Date Joined Dec 2008
Total Posts : 25
   Posted 11/24/2010 8:14 PM (GMT -6)   
My husband was off lupron (intermittent treatment) then his psa rose to 28.5 in less than a year, so he went back on Lupron. PSA went down to 22.8 in a couple months but then rose to 23.3 on one month. The oncologist said he's plateauing but I can't believe with a rise of one point that this is plateauing. When he was diagnosed 2 years ago, his gleason was 9 (5 +4) with metastasis to the lymphs. I'm thinking that with the rise of l point in l month that this could be leaning to hormone refractory and am very worried. Any thoughts?

Tony Crispino
Veteran Member


Date Joined Dec 2006
Total Posts : 8128
   Posted 11/24/2010 8:26 PM (GMT -6)   
Palyn,
Your husbands case is definitely appearing hormone refractory if after two months he is still registering a detectable PSA. He needs to be on a 2nd line hormonal therapy and if his oncologist isn't on board with that then your husband needs to expand his medical team. I know of no reason that "plateauing" is a good thing when the PSA is so highHe can still do very well but this development indicates that this is not going well.

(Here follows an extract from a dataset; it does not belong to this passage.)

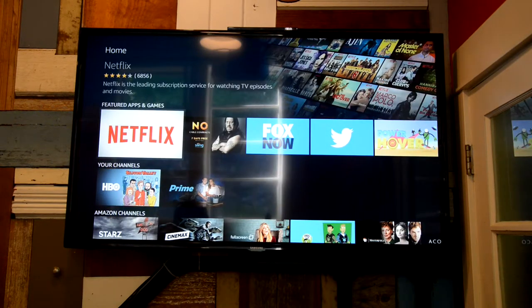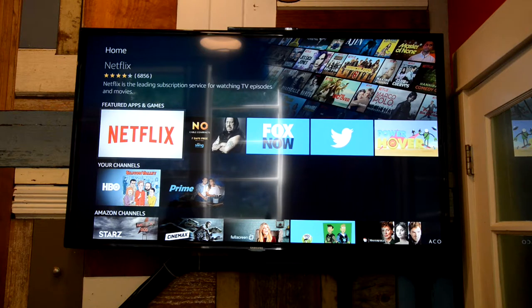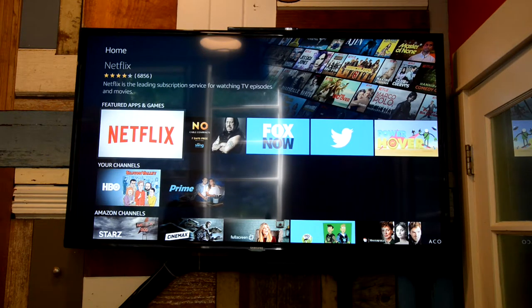In terms of channels that we get here, we get all the Amazon Prime, we get Netflix, and we get HBO.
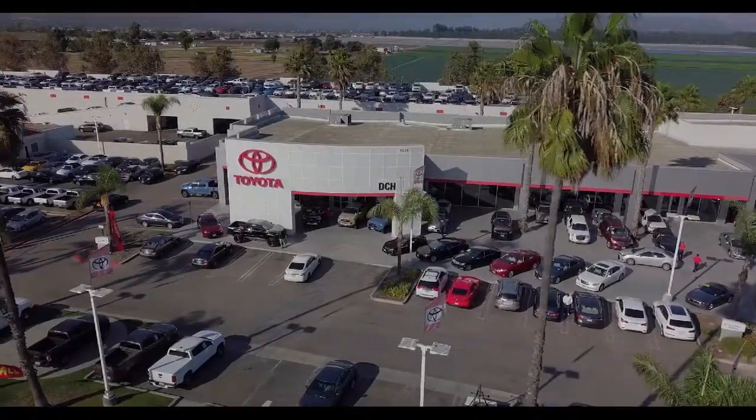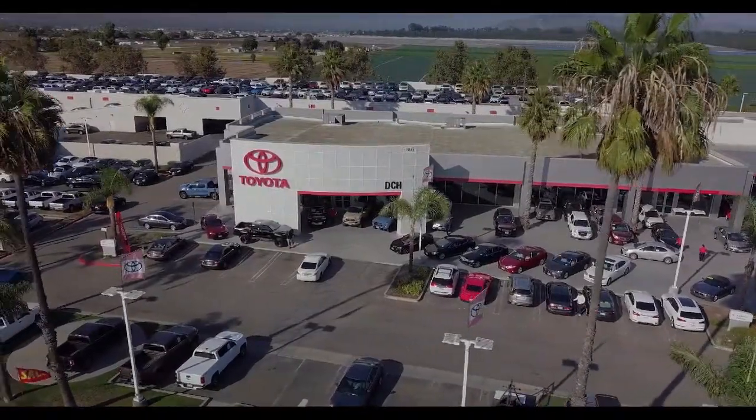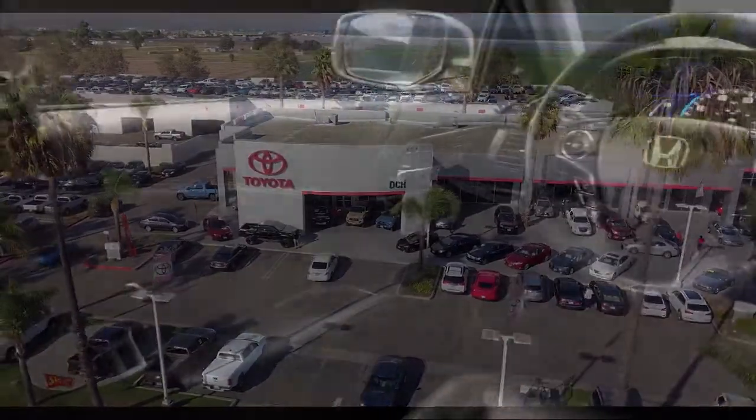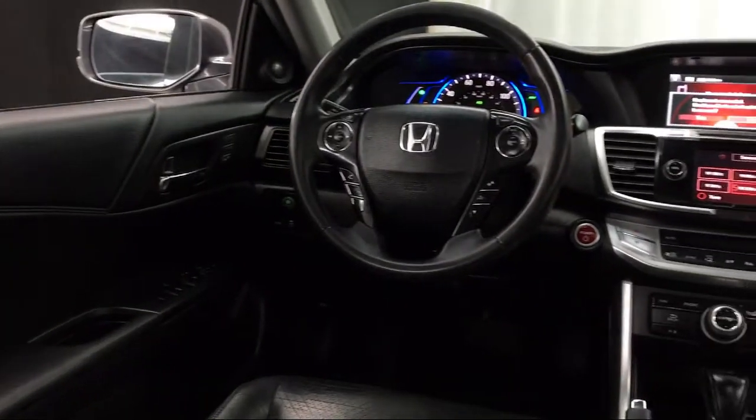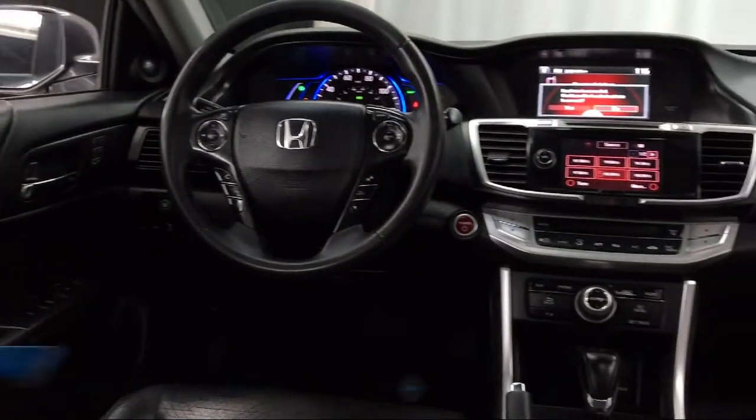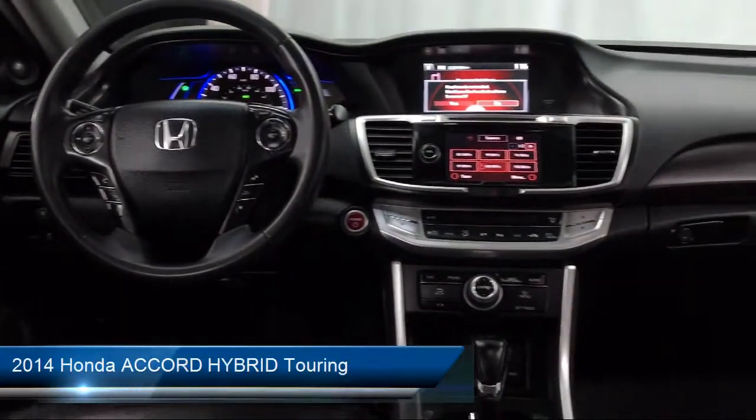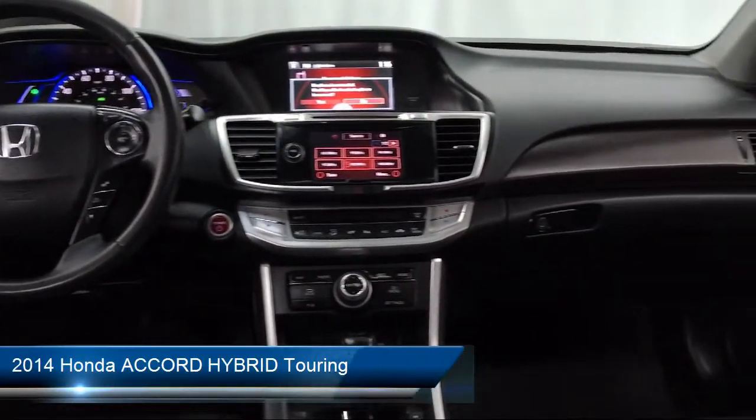Welcome to DCH Toyota Oxnard, your premier location for purchasing a vehicle. And here's a look at another one of our great vehicles in our inventory.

At this point I would also see is your husband can get DES, Keto, Nilandron, Abiraterone or Provenge as well but there may be better options right now.

My treasurer at my UsTOO group had the same thing happen last December. He tried DES, Nilandron and was placed on Provenge. His PSA is down to 2, but he may be headed to chemotherapy if the Provenge does not work. But as of now he looks good and is a wonderful man. He just completed his run on Provenge and it is still too early to tell what effect it has had on him. He is getting his next PSA after Christmas.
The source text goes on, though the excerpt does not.